> [WHAT IS BEING ASKED] Your output should be the lines from the one that contains "Jordi Castillo - Trust Me" to the end of the listing, transcribed exactly. Include nothing else.

> [DATA]
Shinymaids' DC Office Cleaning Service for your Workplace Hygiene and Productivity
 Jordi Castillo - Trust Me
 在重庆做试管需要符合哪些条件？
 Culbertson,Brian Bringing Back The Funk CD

> [RESULT FOR THIS TASK]
 Jordi Castillo - Trust Me
 在重庆做试管需要符合哪些条件？
 Culbertson,Brian Bringing Back The Funk CD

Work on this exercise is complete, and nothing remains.